( TIME LINE : JULY - 2009 )
Nak, ayo bangun udh jam setengah enam, ayo siap2 mandi dulu" sahut mamaku.
Dan seketika aku pun bangun dan beranjak ke kamar mandi sambil menunggu ibuku selesai memasak.
Setelah selesai mandi, ibuku memakaikan ku seragam merah putih. Dan yapp itu hari pertama ku bersekolah, dikarenakan biaya yg tak memadai waktu itu, jadi ibuku tak menyekolahkan ku ke TK terlebih dahulu.

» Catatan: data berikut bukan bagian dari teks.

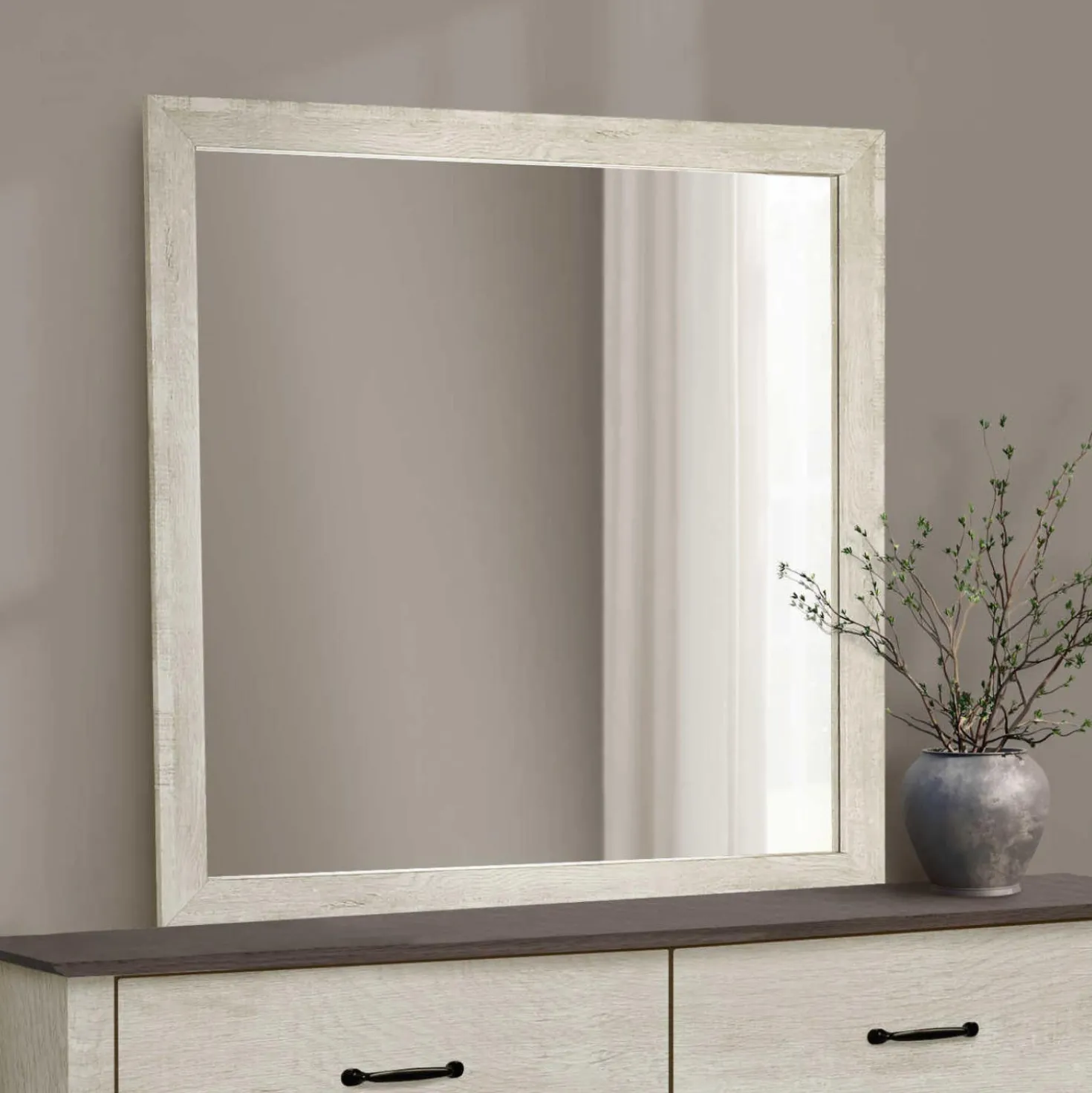 Miroir mural - Monarch
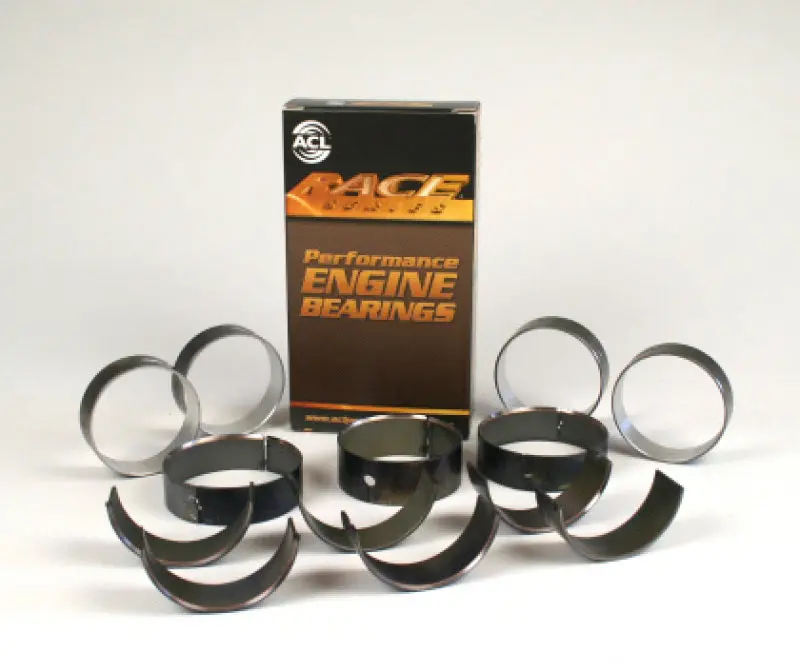 Acl Connecting Rod Bearing Set For Chevrolet Small-Block V8 (1985–1998, 1976–1987) – Standard Clearance 1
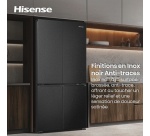 Réfrigérateur multi-portes Hisense Refrigerateur multi-portes RQ5P470SAFD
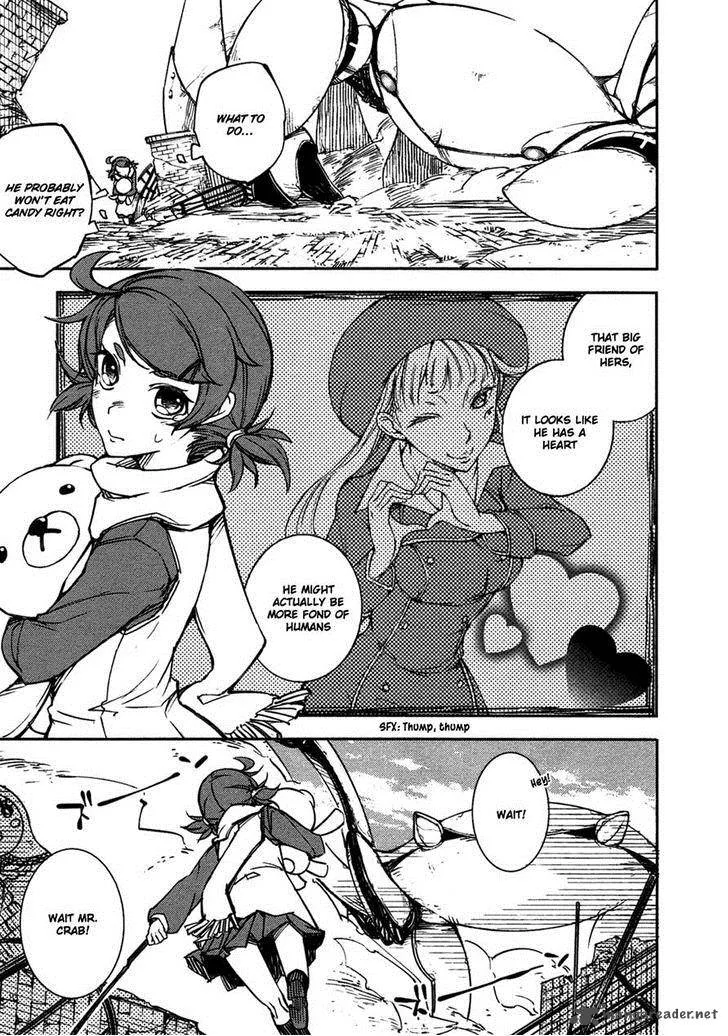 Mechanical Meldina Chapter 2 page 9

Aku pun sangat antusias untuk itu.
"udh siap nak" sahut ibu ku dengan senyum
"udh mah" jawab ku dengan senyum juga.
"coba mamah cek lagi takut ada yg ketinggalan" sahut ibuku sambil merogoh tasku kembali.

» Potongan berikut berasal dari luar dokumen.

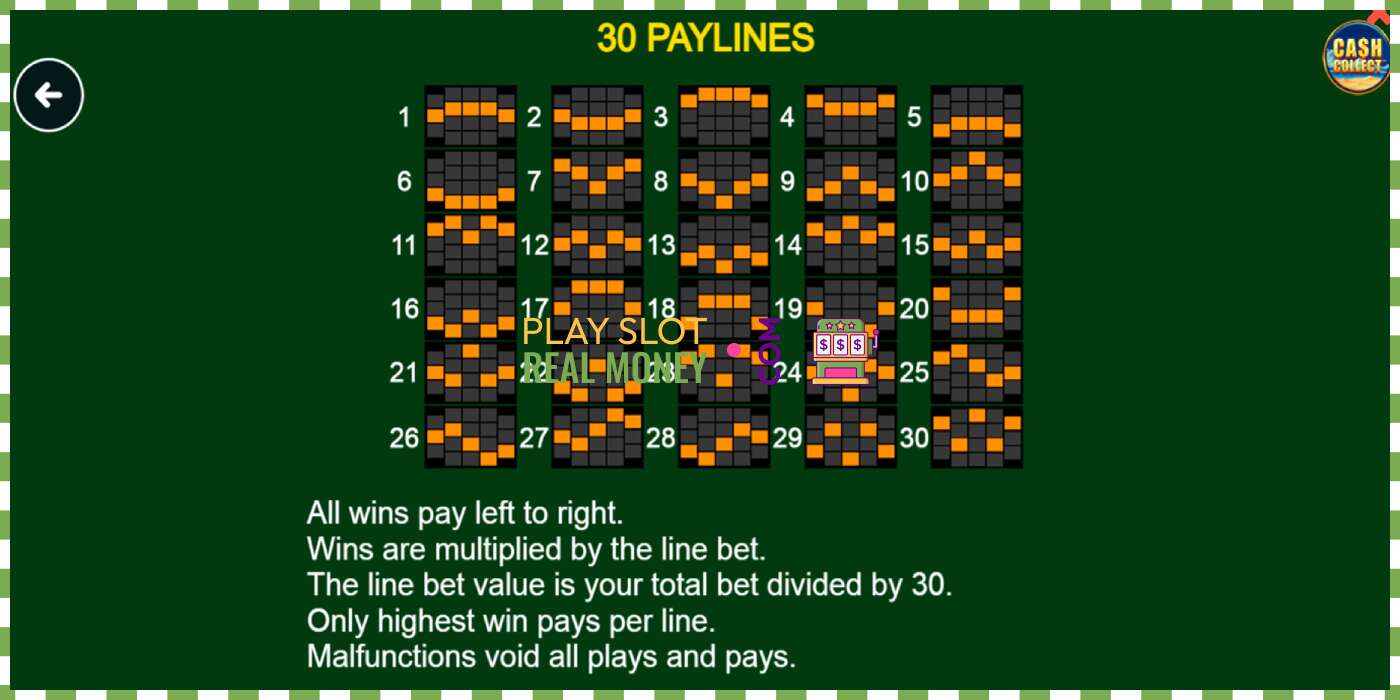 Слот Lucky Bass Mega Cash Collect на реальные деньги, картинка - 7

"udh siap semua mah, ayo kita berangkat" sahutku dengan antusias.
"Yaudh ayo nak kita berangkat, Bismillahirrahmanirrahim" sahut ibuku sambil melangkah keluar pintu dengan menuntun ku.
Ku sapa teman temanku yg ku kenal yg bertempat tinggal tak jauh dari rumahku.
ku langkah kan kakiku tuk memilih bangku dekat mereka berdua, yaitu Sandi dan Soni.
Dan terlihat ibu guru pun masuk ke kelas, sementara ibu ku menunggu ku di luar sampai ku pulang.
Ibu guru pun menyapa para muridnya dan memperkenalkan diri nya.
"Assalamu'alaikum anak2 semuanya, kalian siap untuk pembelajaran nya" sahut ibu guru dengan lantang.
" sudah siap ibu guru"sahut para murid dengan antusias.
"Nah hari ini kan hari pertama kalian sekolah, sebelum itu ibu mau perkenalkan dirimu, nama ibu.... " sahut ibu guru sambil
mengambil spidol untuk menulis namanya.
"Nah, nama ibu, Fatimah Nurhayati, kalian bisa panggil ibu dengan panggilan ibu Fatimah atau ibu Nur itu terserah kalian yah." sahut bu Fatimah dalam sesi pengenalan diri.
"Iya ibu Fatimah" sahut para murid serentak.
"Nah sekarang giliran kalian yah untuk memperkenalkan diri kalian masing-masing".
sahut bu Fatimah.
" Iya ibu Fatimah "di jawab serentak oleh para murid.
" Dimulai dari kanan depan yah"pinta bu Fatimah.
Tak terasa sudah waktu menunjukkan pukul 10 yg tandanya sudah mau pulang.
segera para murid pun membaca do'a untuk pulang.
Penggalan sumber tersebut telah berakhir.